Anterior Cruciate Ligament (ACL) Surgery

 

In an avulsion fracture, repair surgery is always done as soon as possible.

In reconstruction of a partial or complete tear of the ACL, the best time for surgery is not known. Surgery immediately after the injury has been associated with increased fibrous tissue leading to loss of motion (arthrofibrosis) after surgery.2 Some experts believe that surgery should be delayed until the swelling goes down, you have regained range of motion in your knee, and you can strongly contract (flex) the muscles in the front of your thigh (quadriceps).2 Many experts recommend starting exercises to increase range of motion and regain strength shortly after the injury.

In adults, age is not a factor in surgery, although your overall health may be. Surgery may not be the best treatment for people with medical conditions that make surgery a greater risk. These people may choose nonsurgical treatments and may try to change their activity levels to protect their knees from further injury.

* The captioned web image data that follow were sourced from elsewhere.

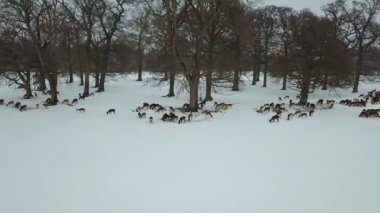 Geyikler Phoenix Park, Dublin, İrlanda karda havadan görünümü.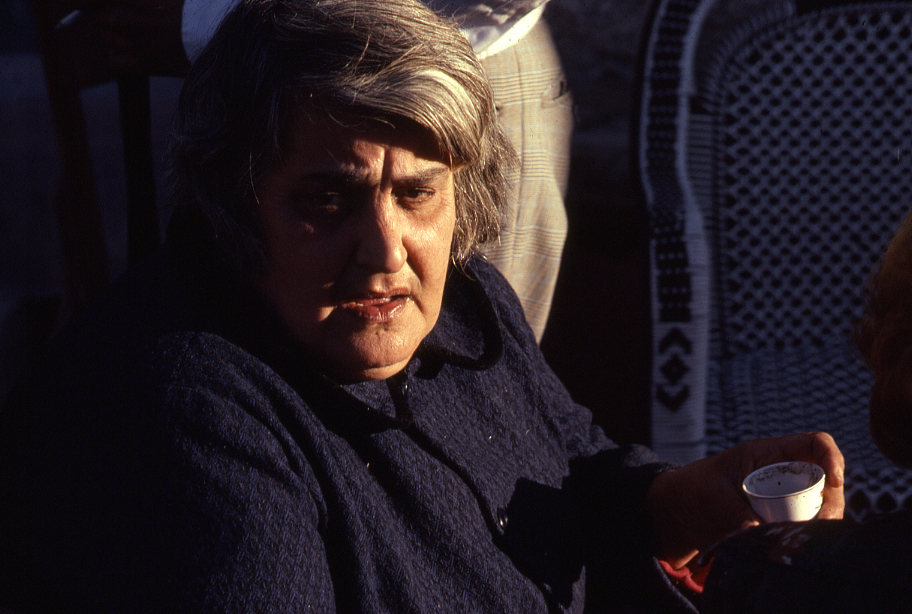 Al Dhakira al Khasba [Fertile Memory] (Michel Kleifi, 1980)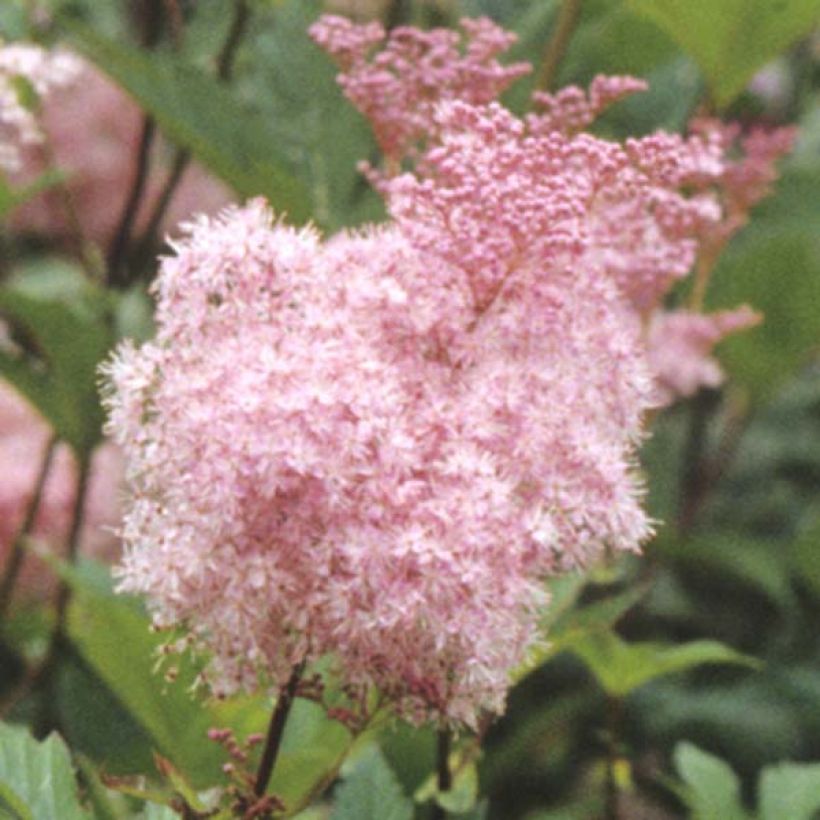 Ketomesiangervo Elegans (Kukinta)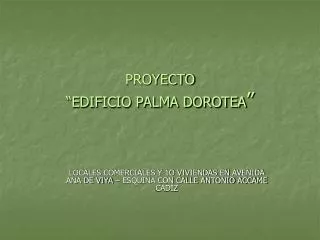 proyecto edificio palma dorotea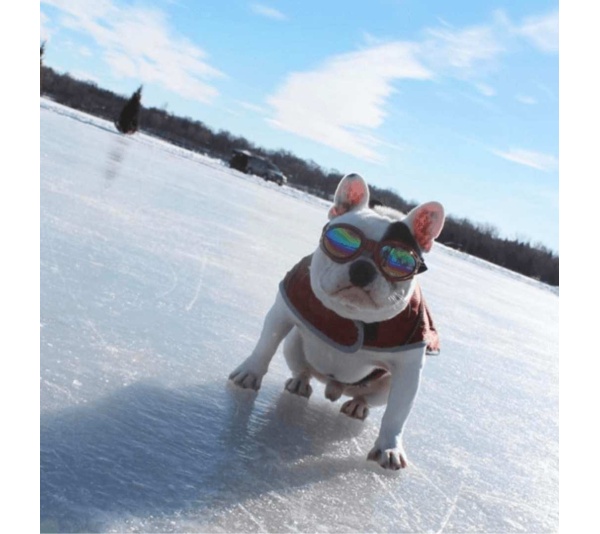 Ruby Red - K9 Sport Shades - Dog Goggles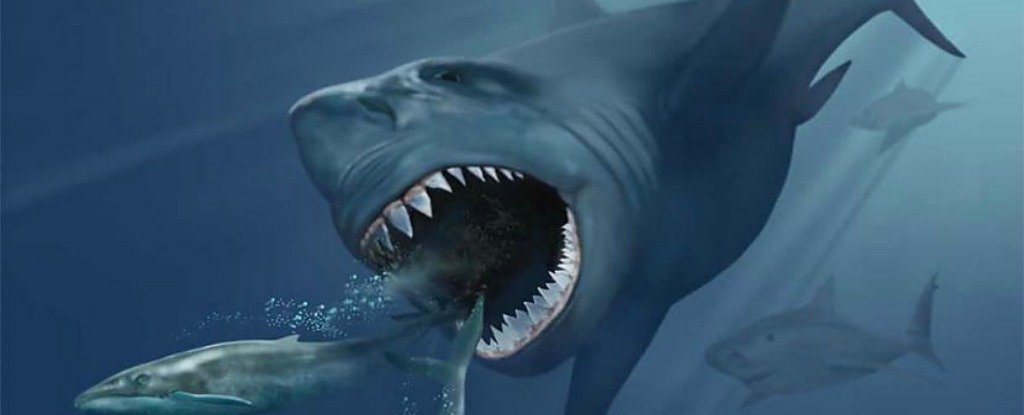 Researchers Might Have Figured Out Why The World S Largest Shark Went Extinct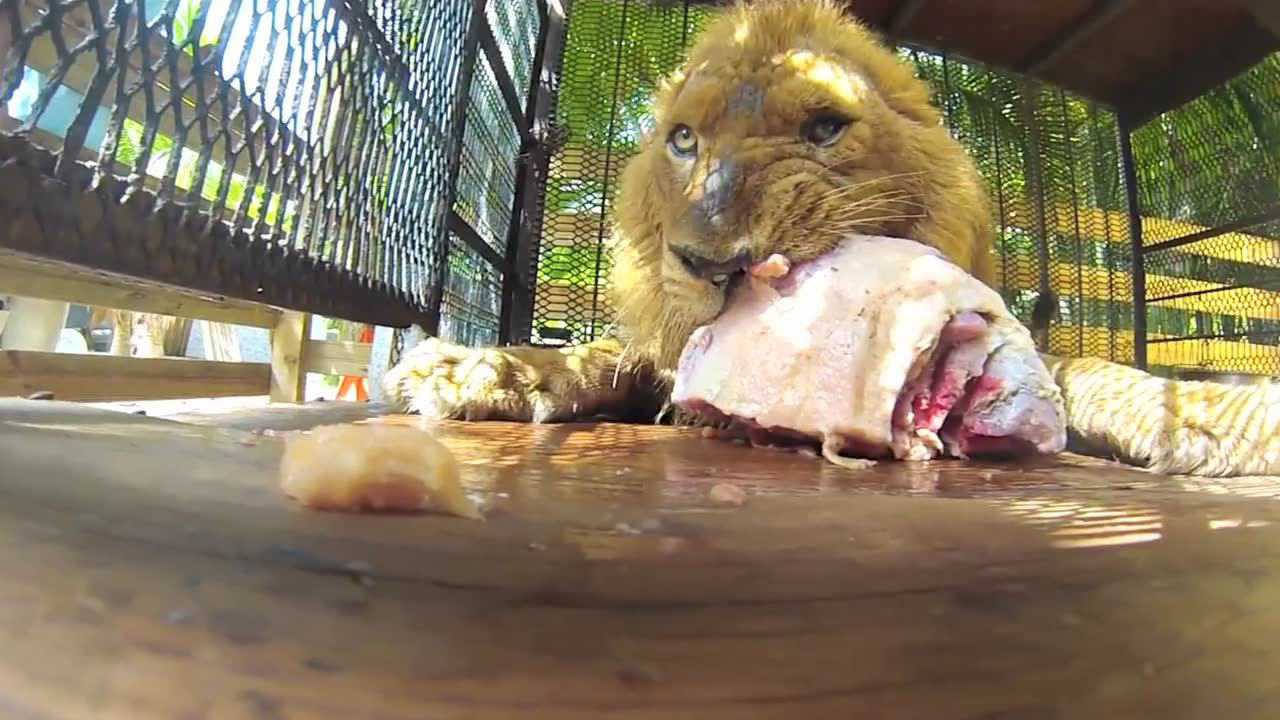 狮子吃播零距离观看狮子吃食物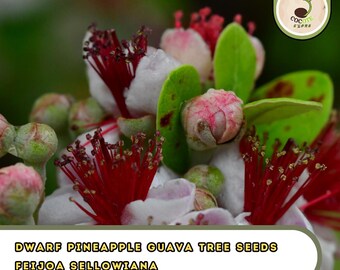 Dwarf Pineapple Guava Tree Seeds – Feijoa Sellowiana, Ornamental Fruiting Shrub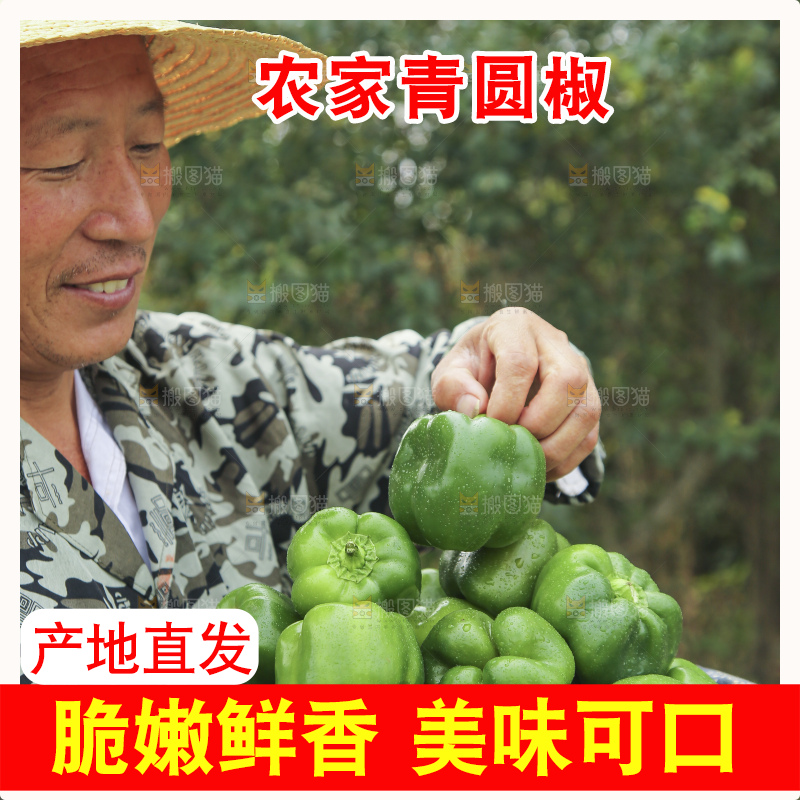 手里拿着新鲜青圆椒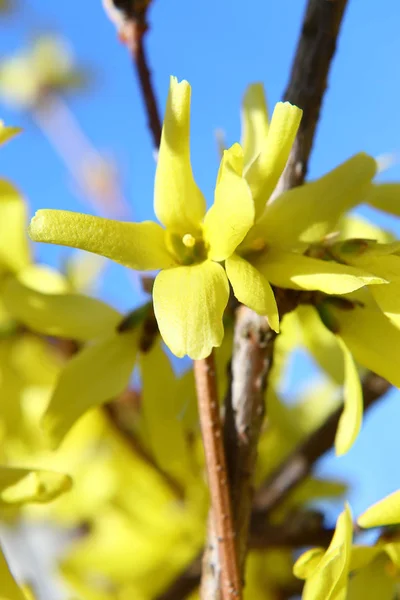 春の色の調和:青い雲のない空に対する明るい黄色のフォーサイシアの花. — ストック写真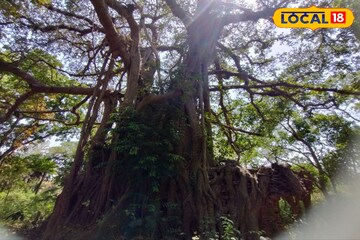 শত শত বছরের পুরানো বনানী ঘেরা বাঁকুড়ার রাজবাড়ি, সপ্তাহান্তে ঘুরে আসুন শত শত বছরের পুরানো বনানী ঘেরা বাঁকুড়ার রাজবাড়ি, সপ্তাহান্তে ঘুরে আসুন
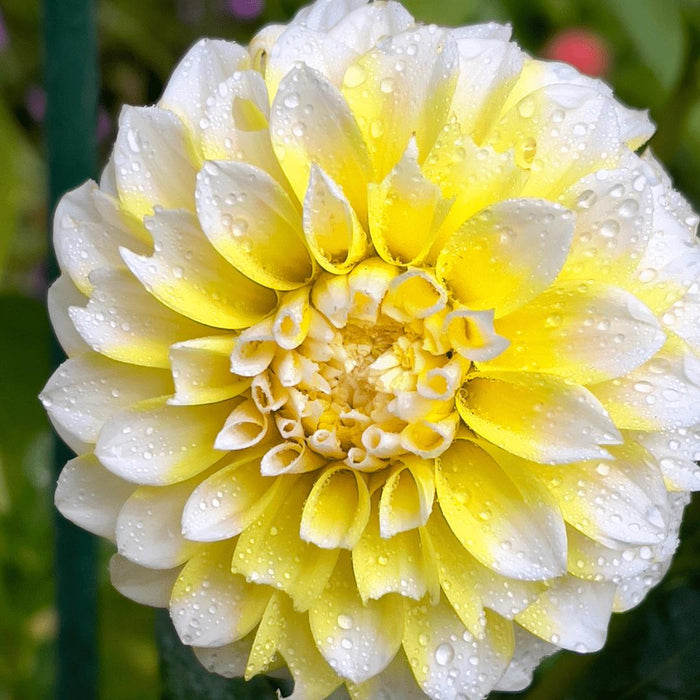 Dahlia Seattle Store Blomster - Løk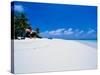 Businessman on Beach, Maldives-Stuart Westmorland-Stretched Canvas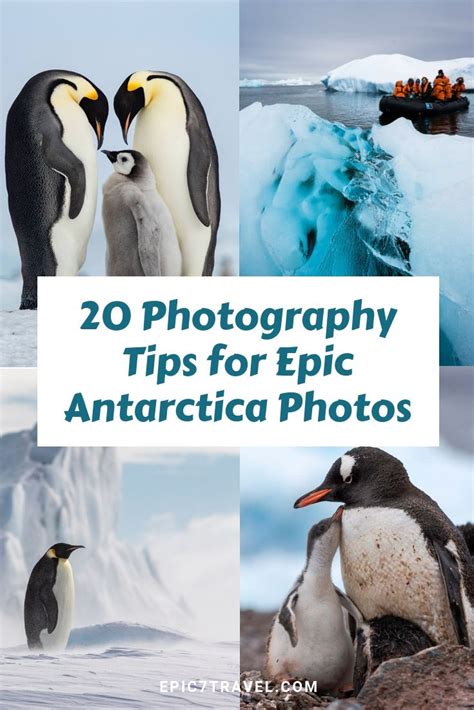 antarctica cruise tips and tricks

Current research on the surgical treatment of ACL injuries includes different techniques and places to attach grafts; different ways of securing the graft; different types of grafts, such as tendon, muscle, or fascial grafts from your body (autograft); and grafts from a donor (allograft). When choosing a graft, consider the following:

  • The success of surgery may be more dependent on the surgeon's skill and preference than the type of graft used.
  • A kneecap tendon graft may result in some pain when kneeling.
  • The knee functions the same with either a kneecap graft or a hamstring graft.3
  • A kneecap graft entails more rehab considerations than a hamstring graft, such as increased pain and swelling that may limit exercises for the thigh muscles for a while.